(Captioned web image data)
....
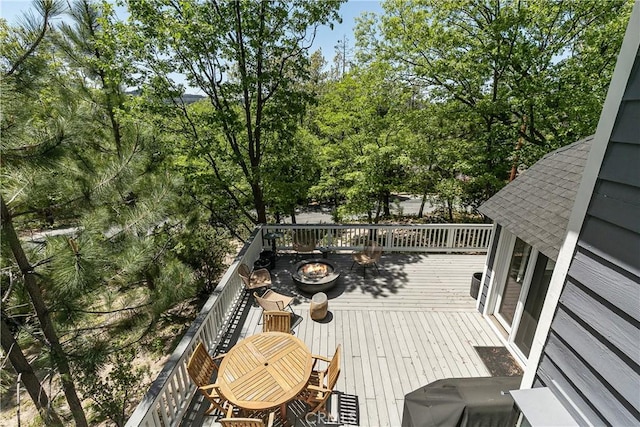 wooden terrace with area for grilling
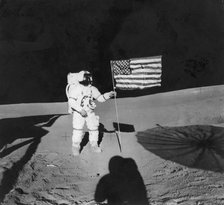 Alan Shepard (1923-1998) planting an American flag during the Apollo 14 mission, 1971. Artist: Unknown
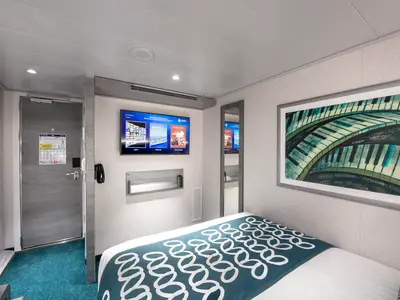 Moderne Innenkabine an Bord der MSC Virtuosa mit einem Bett, Flachbildfernseher, einer Tür und einem Spiegel. Ein Kunstwerk mit Klaviertasten schmückt die Wand. Ohne Personen.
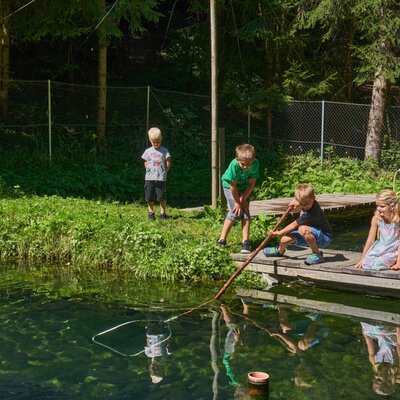 Fishing at the fish pond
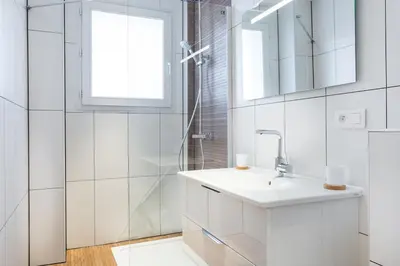 a white bathroom with a sink and a shower at loft proche port Nice in Nice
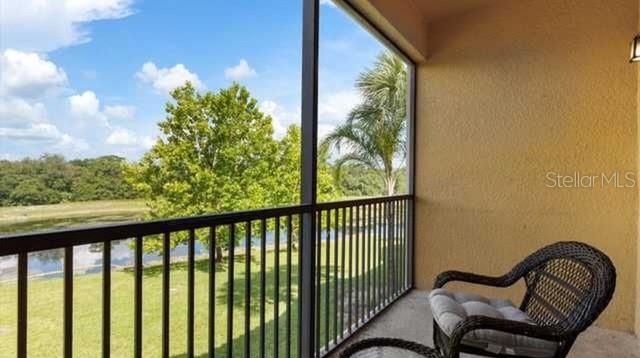 A screened-in balcony with a wicker chair overlooks a grassy lawn, trees, and a pond — 2847 OAKWATER DRIVE UNIT 2847, KISSIMMEE, FL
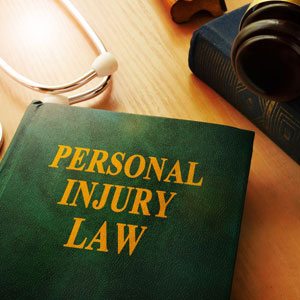 A personal injury law book and stethoscope laid out on a table - Moss Bollinger LLP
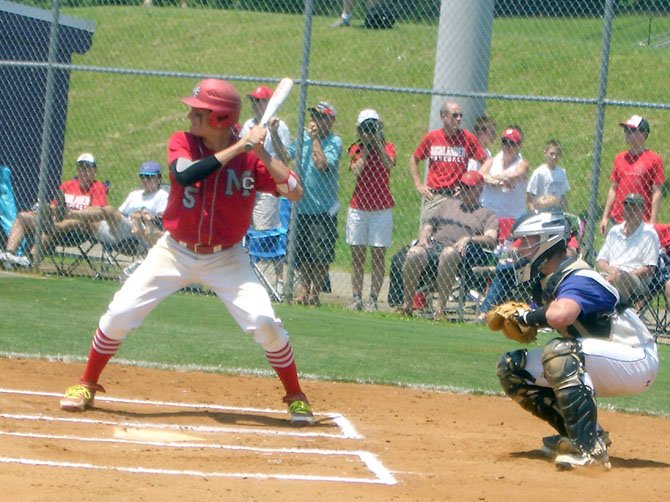 McLean High’s Joey Sullivan (batting) made a key late game defensive play and also hit a game-tying double for the Highlanders in their extra innings region playoff game loss at Lake Braddock on Memorial Day.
....
Action item
Would you reproduce the lines from the one with "a white bathroom" through the final line of the data above, exactly and only those, without any pictures?

Result below
 a white bathroom with a sink and a shower at loft proche port Nice in Nice
 A screened-in balcony with a wicker chair overlooks a grassy lawn, trees, and a pond — 2847 OAKWATER DRIVE UNIT 2847, KISSIMMEE, FL
 A personal injury law book and stethoscope laid out on a table - Moss Bollinger LLP
 McLean High’s Joey Sullivan (batting) made a key late game defensive play and also hit a game-tying double for the Highlanders in their extra innings region playoff game loss at Lake Braddock on Memorial Day.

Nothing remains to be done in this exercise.